Sunday, April 15, 2007

HOW 19TH CENTURY BRITAIN PROTECTED HER JEWS: In an act typical of what we think (wish?) Israel would do in such a situation, Mark Steyn relates:
In 1847, a man called Don Pacifico, a Portuguese Jew living in Greece, had his house burned in an anti-Semitic riot. He appealed to the Greek government for redress (the sons of some ministers had been involved) and got nowhere. But he chanced to have been born on Gibraltar and thus was, technically, a British subject. And so he turned to the British government. And, though to most Englishmen's eyes a century and a half ago no one could have seemed less English than this greasy dago Jew moneylender, Lord Palmerston began a naval blockade of Greece—on the grounds that Don Pacifico was a British subject like any other—until the government in Athens backed down.
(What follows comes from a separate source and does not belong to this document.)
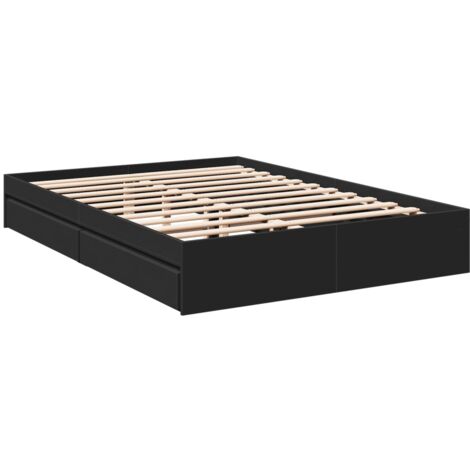 Bed Frame with Drawers without Mattress Black 150x200 cm King Size vidaXL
In Palmerston's words, "As the Roman in days of old held himself free from indignity when he could say Civis Romanus sum, so also a British subject, in whatever land he may be, shall feel confident that the watchful eye and the strong arm of England will protect him against injustice and wrong." Civis Britannicus sum: that was all Don Pacifico had to say.
If only Britain today could act today with such conviction.
If only the strong arm of Israel would protect herself against injustice and wrong.